Cela se passe dans le Nord, au milieu de sombres champs de boue, non loin de l’A 26 encore en construction. Ce qui permet à Bernard de couler dans le béton quelques jeunes filles égarées…

Mon avis :
La lecture de cet ouvrage est le résultat hybride entre une discussion au Salon du Livre avec l’un des membres de l’équipe de Zulma (Laure, si ma mémoire est bonne ; si elle ne l’est pas, mea maxima culpa) et des collègues à l’instinct très sûr en ce qui concerne « le bon livre pour la bonne personne au bon moment ». Effectivement, c’est glauque, très glauque. Effectivement, c’est bien, très bien. Par contre, autant prévenir tout de suite, âmes sensibles, lecteurs sanglotant devant du Olivier Adam, passez votre chemin, parce que si Des vents contraires vous remue l’âme, vous risqueriez de ne pas pouvoir finir L’A26. Il est vrai que ca n’est ni le même cadre, ni la même ambiance, ni la même écriture. Ici, les phrases percutent, écorchent. Gênent.

Car c’est là tout l’intérêt, tout le paradoxe, toute la monstruosité de ce texte où l’on est partagé entre une répugnance naturelle, un rejet viscéral et une curiosité morbide, malsaine qu’il faut assumer. On se compare, on se félicite intérieurement de ne pas être comme eux, on a ce petit rictus de dégout qui cède vite la place à une commisération modérée, savoir s’il nous faut ou non juger les personnages. On est dégouté et pourtant, le personnage qui regarde de l’autre côté du « Trou du cul du monde » comme l’appelle Yolande, c’est nous. Et quand le livre est refermé, et qu’il faut en dire ce que l’on en pense, c’est tout le politiquement correcte de l’époque, du monde actuel qui retombe : qu’en penser ? Des humains monstrueux, à peine au-dessus des animaux, des gens à enfermer ou qu’il faudrait enfermer ? Des gens simples qui n’ont pas eu de chance et qu’il faudrait plaindre plutôt que de les blâmer, tout en se souvenant que c’est de la fiction ? Mais comment se dire, au final, que ca n’est que de la fiction, tellement le ton est naturel, l’action fluide et la réalité criante ?
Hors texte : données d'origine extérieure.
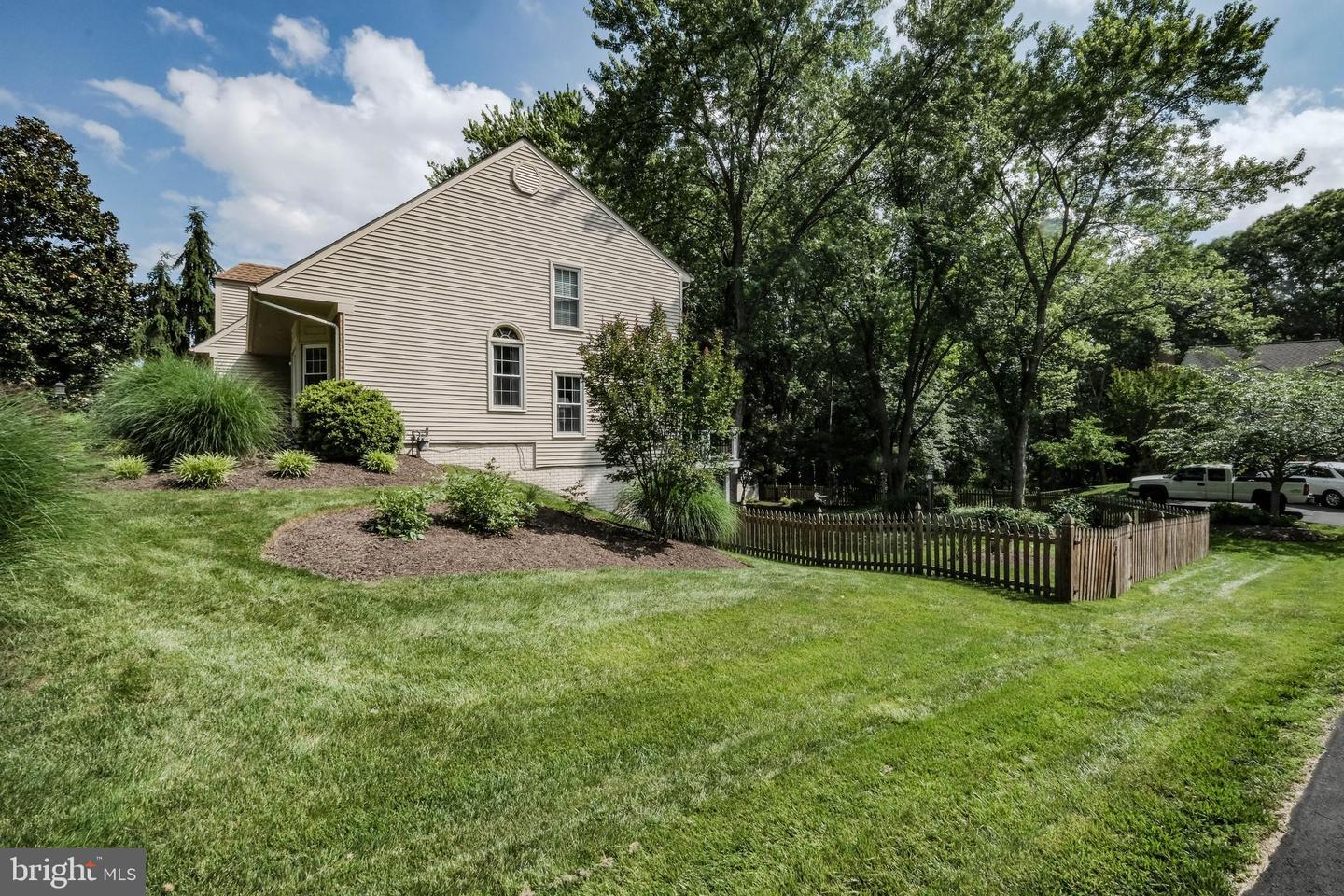 12853 VALLEYWOOD DR, WOODBRIDGE, Virginia 22192, 5 Bedrooms Bedrooms, ,3 BathroomsBathrooms,Residential,For sale,12853 VALLEYWOOD DR,VAPW2097034 MLS # VAPW2097034
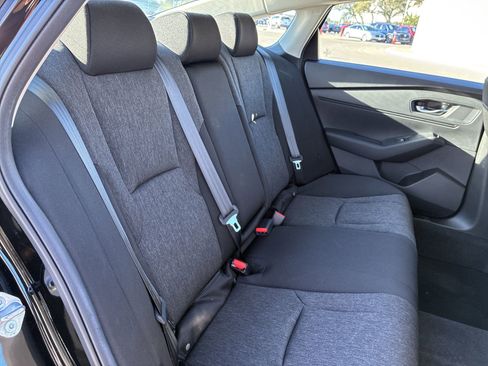 Certified 2025 Honda Accord SE image 22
C’est là que réside toute la force de L’A26, récit qui force le lecteur à se regarder, à se dégoûter lui-même, à se sentir gêné, ne sachant pas ce qu’il peut ou doit en dire. Ne sachant pas vraiment de quel côté se positionner, comme s’il fallait absolument en choisir un. Par ce dernier côté, il n’est pas sans m’évoquer Lolita de Nabokov et comme lui, ce livre secoue, interpelle, fait réfléchir et se présente comme une lorgnette destinée à observer une galaxie lointaine ; ce qui est dans le fond, une  des définitions (parmi des milliers) de la littérature.